With this in mind, our general corporate recommendation is to load our product in a dedicated server. We feel this best protects our customer's vital need to have a stable and high performing line of business application. It would be foolish for Great Plains to imply that it's OK in all cases to load any number of other applications and utilize the same SQL Server and computer infrastructure that is in place to maintain critical financial business information.
Of course, our recommendation to use a dedicated server is simply our blanket starting point of reference for customers. There are cases where customers have the technical background and skills to properly predict loading on their system using tools like performance monitor or SQL profiler. These customers can then make their own informed decision to configure their hardware in any fashion they desire. However, we still believe our customers interests are best served by starting with a more conservative position and consolidating only after a thoughtful and thorough analysis has been performed.
Enterprise Manager, Query Analyzer or any administrative interface with SQL Server.

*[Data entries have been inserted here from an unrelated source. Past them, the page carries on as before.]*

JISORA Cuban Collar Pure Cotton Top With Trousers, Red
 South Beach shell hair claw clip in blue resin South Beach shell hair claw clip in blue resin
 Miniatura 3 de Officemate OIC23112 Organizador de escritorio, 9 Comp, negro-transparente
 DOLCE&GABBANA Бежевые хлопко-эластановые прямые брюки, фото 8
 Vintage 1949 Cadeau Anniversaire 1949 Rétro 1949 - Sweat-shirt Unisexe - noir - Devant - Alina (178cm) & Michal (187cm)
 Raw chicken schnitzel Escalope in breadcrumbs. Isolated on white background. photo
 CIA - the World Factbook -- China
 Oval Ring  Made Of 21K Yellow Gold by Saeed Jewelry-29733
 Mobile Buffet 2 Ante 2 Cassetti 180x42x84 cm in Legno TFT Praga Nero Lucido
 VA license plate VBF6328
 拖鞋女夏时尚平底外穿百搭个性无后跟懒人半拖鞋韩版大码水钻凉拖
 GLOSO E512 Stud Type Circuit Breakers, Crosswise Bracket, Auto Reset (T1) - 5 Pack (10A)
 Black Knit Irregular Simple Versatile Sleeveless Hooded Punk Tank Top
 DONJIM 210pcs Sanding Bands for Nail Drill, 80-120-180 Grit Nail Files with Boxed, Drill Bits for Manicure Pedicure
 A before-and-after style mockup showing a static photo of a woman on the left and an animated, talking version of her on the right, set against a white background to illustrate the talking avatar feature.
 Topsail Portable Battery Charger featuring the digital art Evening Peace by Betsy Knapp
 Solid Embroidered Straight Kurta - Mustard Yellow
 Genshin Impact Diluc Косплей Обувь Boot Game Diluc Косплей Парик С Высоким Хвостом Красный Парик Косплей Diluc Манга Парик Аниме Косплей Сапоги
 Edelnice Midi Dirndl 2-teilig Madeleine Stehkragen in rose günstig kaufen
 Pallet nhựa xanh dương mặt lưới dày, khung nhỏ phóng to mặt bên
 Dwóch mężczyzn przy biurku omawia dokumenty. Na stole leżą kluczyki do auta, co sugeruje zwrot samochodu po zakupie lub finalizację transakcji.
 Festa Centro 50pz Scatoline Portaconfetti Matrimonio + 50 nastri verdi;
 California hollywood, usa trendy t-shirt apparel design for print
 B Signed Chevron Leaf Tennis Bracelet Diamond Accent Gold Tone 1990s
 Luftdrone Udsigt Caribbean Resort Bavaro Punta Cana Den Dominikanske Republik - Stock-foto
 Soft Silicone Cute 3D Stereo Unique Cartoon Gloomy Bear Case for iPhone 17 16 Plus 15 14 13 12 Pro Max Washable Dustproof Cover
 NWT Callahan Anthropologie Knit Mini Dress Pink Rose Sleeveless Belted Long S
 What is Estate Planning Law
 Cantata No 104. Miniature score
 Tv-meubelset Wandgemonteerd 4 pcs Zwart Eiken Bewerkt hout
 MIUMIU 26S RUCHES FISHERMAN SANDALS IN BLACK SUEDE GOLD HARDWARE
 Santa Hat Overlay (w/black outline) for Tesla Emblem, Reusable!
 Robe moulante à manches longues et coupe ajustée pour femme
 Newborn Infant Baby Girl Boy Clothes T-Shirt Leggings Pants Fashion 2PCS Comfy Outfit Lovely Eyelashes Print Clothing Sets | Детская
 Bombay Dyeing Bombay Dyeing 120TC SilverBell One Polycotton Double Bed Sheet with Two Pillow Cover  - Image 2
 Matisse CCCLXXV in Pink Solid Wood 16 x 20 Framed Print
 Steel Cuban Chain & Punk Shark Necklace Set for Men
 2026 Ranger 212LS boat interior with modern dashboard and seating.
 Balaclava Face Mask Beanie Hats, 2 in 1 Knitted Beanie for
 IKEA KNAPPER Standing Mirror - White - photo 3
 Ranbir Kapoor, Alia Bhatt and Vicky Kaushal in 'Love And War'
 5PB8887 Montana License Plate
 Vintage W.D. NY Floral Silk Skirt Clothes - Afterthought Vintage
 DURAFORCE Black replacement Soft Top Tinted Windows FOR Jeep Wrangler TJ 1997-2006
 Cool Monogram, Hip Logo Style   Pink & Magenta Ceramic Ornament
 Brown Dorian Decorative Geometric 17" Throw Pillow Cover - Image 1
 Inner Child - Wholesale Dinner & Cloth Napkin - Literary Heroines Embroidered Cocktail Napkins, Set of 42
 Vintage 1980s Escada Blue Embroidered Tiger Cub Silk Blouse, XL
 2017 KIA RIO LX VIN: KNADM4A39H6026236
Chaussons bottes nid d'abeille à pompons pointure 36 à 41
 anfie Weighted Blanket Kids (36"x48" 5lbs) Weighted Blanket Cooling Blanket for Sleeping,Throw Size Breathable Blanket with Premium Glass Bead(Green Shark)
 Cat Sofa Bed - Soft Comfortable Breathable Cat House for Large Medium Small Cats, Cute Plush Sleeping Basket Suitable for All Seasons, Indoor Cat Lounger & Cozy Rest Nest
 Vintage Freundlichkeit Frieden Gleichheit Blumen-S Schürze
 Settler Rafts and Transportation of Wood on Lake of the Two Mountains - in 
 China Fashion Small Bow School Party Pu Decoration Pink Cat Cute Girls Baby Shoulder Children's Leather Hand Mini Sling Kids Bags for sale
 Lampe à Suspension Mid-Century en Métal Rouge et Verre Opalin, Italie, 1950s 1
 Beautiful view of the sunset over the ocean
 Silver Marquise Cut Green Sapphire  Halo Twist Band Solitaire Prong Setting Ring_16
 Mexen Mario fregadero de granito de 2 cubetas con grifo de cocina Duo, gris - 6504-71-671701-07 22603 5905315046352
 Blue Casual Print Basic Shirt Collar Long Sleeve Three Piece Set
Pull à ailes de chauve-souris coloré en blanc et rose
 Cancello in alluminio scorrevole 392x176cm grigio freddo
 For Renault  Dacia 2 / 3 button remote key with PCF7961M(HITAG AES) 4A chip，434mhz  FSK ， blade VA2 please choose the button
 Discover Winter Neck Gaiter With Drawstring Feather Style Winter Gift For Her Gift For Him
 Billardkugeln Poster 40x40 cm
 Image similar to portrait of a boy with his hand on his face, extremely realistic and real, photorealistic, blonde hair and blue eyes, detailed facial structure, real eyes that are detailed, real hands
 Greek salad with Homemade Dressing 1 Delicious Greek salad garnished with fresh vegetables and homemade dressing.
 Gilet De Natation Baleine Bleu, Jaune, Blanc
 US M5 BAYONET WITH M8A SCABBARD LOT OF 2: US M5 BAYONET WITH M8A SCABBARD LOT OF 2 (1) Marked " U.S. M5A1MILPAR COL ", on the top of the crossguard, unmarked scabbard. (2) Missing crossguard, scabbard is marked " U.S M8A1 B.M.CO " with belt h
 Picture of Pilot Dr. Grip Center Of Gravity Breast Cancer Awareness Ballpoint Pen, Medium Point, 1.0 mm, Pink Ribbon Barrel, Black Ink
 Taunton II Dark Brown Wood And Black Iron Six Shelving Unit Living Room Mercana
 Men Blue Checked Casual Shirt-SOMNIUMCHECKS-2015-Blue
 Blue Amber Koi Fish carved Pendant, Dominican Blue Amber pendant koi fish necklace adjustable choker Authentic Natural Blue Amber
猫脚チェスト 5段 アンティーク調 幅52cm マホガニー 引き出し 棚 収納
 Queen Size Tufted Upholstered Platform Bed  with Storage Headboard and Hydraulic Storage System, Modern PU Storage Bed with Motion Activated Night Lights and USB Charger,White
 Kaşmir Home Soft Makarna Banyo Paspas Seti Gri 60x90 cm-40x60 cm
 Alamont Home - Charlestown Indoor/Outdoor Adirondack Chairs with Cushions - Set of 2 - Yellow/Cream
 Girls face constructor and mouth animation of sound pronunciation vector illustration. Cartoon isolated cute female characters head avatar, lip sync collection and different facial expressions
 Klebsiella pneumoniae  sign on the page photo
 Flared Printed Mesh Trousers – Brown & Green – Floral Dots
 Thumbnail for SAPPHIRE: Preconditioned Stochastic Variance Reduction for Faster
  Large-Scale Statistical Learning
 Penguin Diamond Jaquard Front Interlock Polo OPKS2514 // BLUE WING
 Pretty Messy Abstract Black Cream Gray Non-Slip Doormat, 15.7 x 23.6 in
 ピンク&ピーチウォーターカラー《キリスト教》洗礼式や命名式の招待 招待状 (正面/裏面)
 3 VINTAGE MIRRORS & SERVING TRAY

These tools are designed for use by administrative personnel. There are no requirements for day-to-day use of Great Plains Dynamics for SQL Server or Great Plains eEnterprise to use these tools. It is not necessary to give any of these tools to "anyone that is not trusted and knowledgeable about SQL Server".
Manager, DataServices and Performance
Great Plains Software
Member, WorldWide SQL Server User's Group (www.sswug.org)
The original article is located here:sarant
I happen to like this approach for software development. I just wish that this information was more widely disseminated to Great Plains technical support and VARs. Given this response I am confident that Great Plains will see this gets done. My opinion of this approach to using the "sa" account is valid since in many cases, there will be no DBA in smaller companies that use this software.
As far as the dedicated server section. I understand the position taken and it does make sense. Given the option of using "sa", this is fine with me. If there is no option, then I think it is rather short-sighted of any software company to deliver a SQL Server solution without considering that another application may reside on the same server.